Without copying any picture, return all lines below exactly.

Material provided

· · · ·

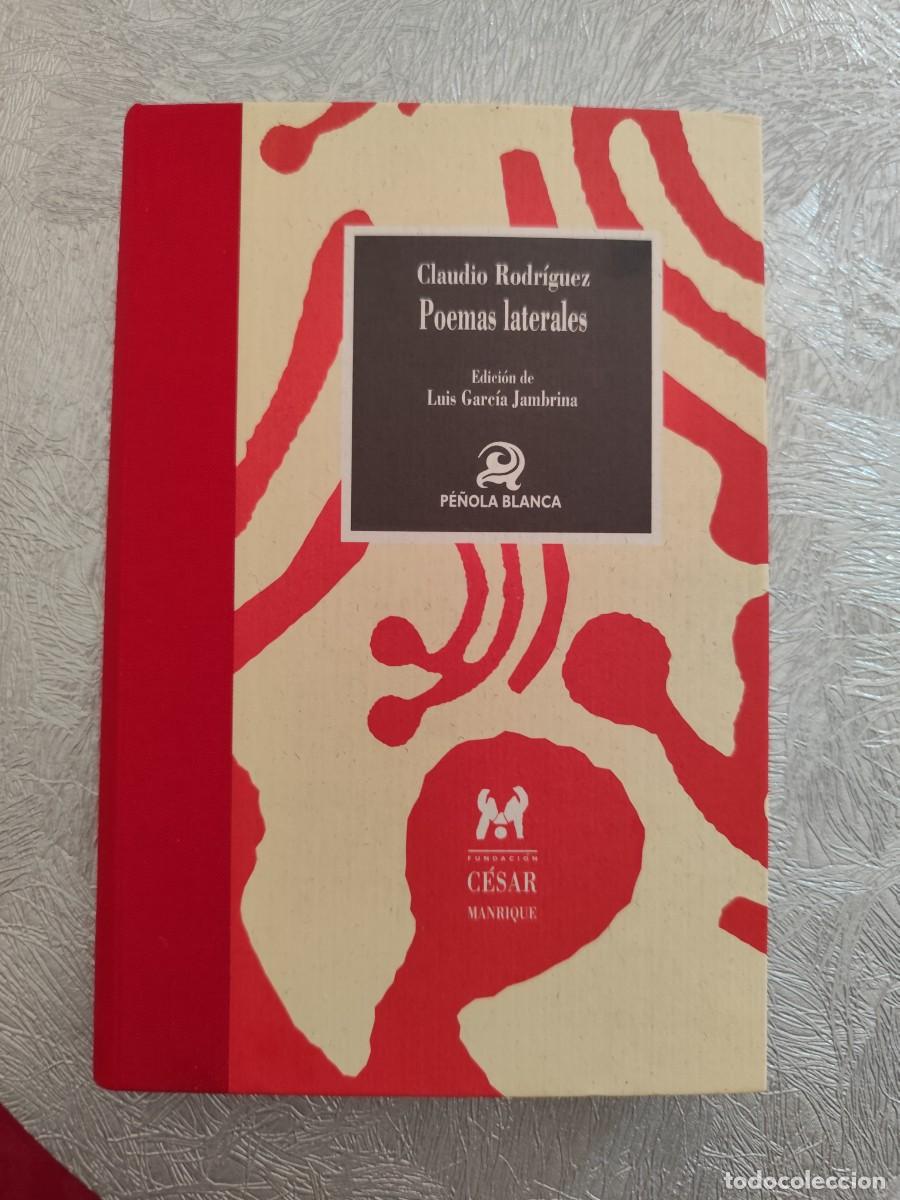 Libros de segunda mano: Claudio Rodr&iacute;guez. Poemas laterales. Poes&iacute;a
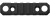 GrovTec GTSW-237 3" 7-Slot M-LOK Picatinny Rail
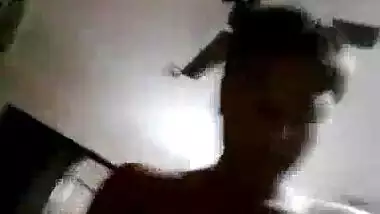 NRI Bhabhi Geeta blowing her neighbor on cam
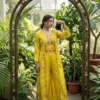 Buy RBC 1112 Chinon Silk Bandhani Embroidery Indo Western Wholesale Surat 2026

· · · ·

Result
 Libros de segunda mano: Claudio Rodr&iacute;guez. Poemas laterales. Poes&iacute;a
 GrovTec GTSW-237 3" 7-Slot M-LOK Picatinny Rail
 NRI Bhabhi Geeta blowing her neighbor on cam
 Buy RBC 1112 Chinon Silk Bandhani Embroidery Indo Western Wholesale Surat 2026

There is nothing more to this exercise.